Saturday 13 December 2008

Scary stuff

Well, I've been reading over my old posts and I have to say it's fairly embarrassing.
Which is probably why I haven't touched this for so long.
But - given that I'm about to "embark on a new adventure" as my dad has been saying, I should probably start putting some words down again.

I'm off to London. Although anyone wasting their time reading this would probably know me, and therefore, that.
Anyway - I'm pretty f***ing excited. However, I'm having a thought:

I have to be honest here - I'm getting nervous about where I'll be living.
Don't get me wrong - I'm all for living in the dodgy end of town, where trannies and hookers hang out outside my boudoir and know my name.
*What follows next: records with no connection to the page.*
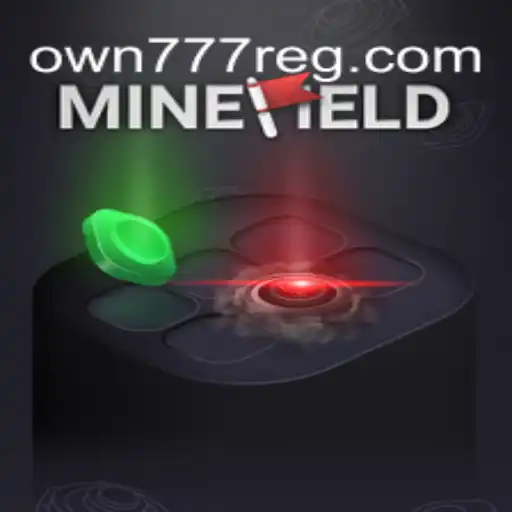 Explorando o Mundo de MineField: Uma Jornada Estratégica
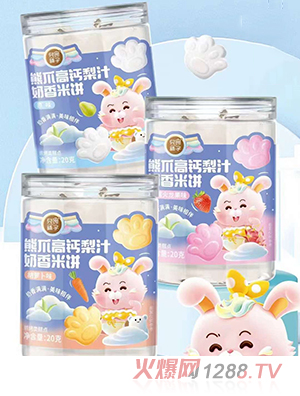 ��ʳ�?zh��n)���צ���}��֭�������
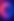 ChatGPT Image Jul 5, 2025, 02_54_20 PM.png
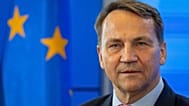Radislaw Sikorski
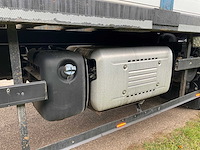 2014 daf lf180 vrachtwagen oprijwagen - afbeelding 21 van  63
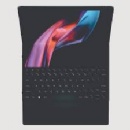 Major Flex Appeal: HP Unveils the HP Spectre Foldable PC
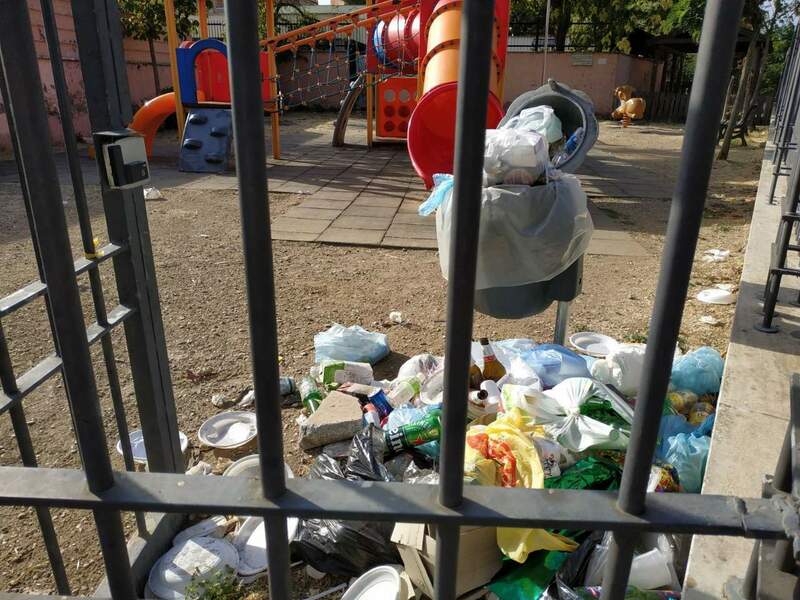 mondezza pineta 2.jpg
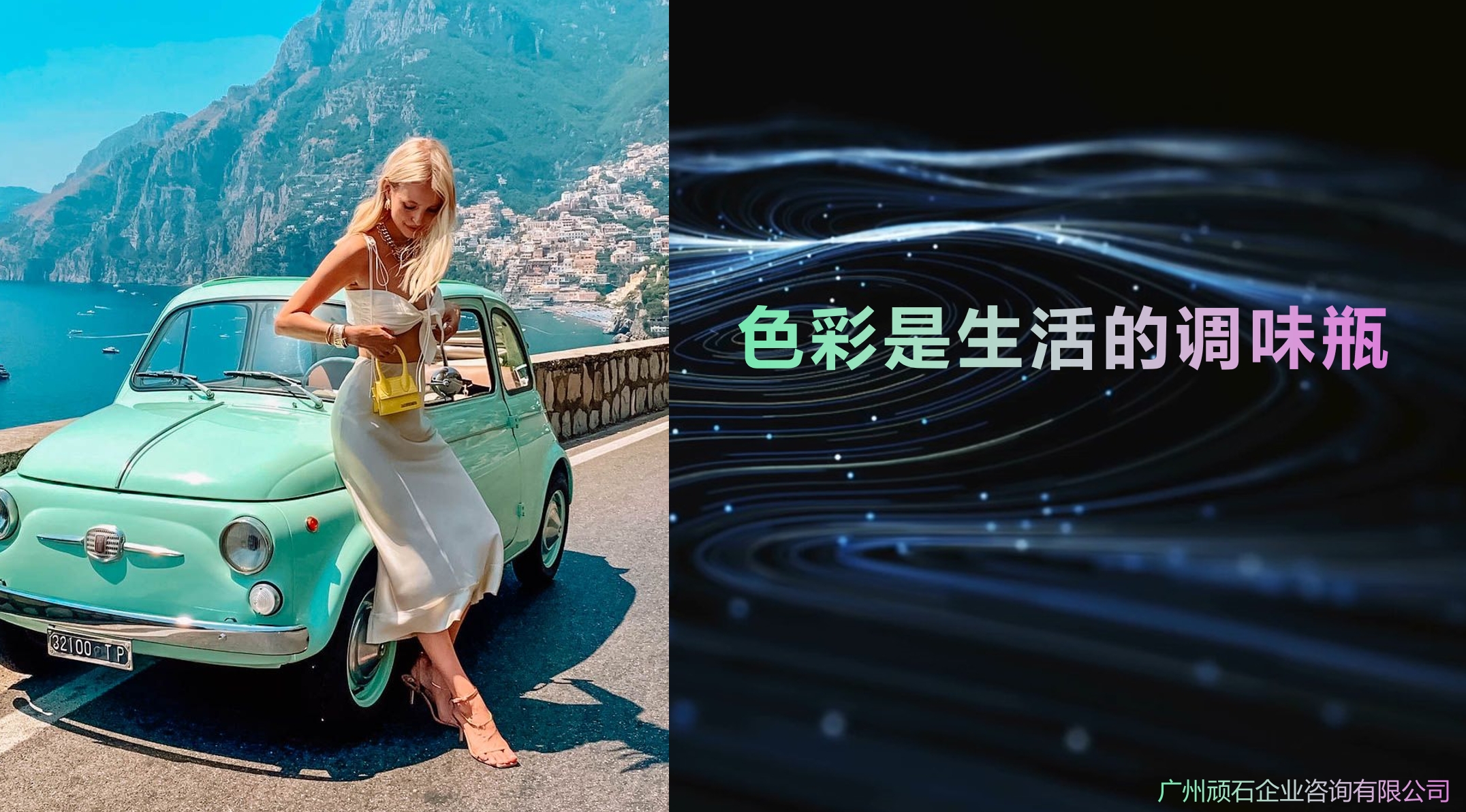 微信截图_20230908173633.jpg 微信截图_20230908173633.jpg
That doesn't scare me.
On the other hand, muggings and murders co-existing on my street oversteps a limit to the bohemian life I've always wanted to lead.

The issue here - everything I've ever been super-afraid of...has tended to happen to me.
Perhaps this shouldn't be looked at negatively - maybe I've subconsciously put myself in situations where I know my fears will be challenged. I guess that supposes a sort of bravery on my part.
Or stupidity.

I can't watch crime tv shows. They make me envisage my own self as a victim in various CSI Miami situations. Please don't let this be another fear that comes true.

But, if something worthy of a csi episode does occur - I can't complain about life so far. It's been pretty sweet.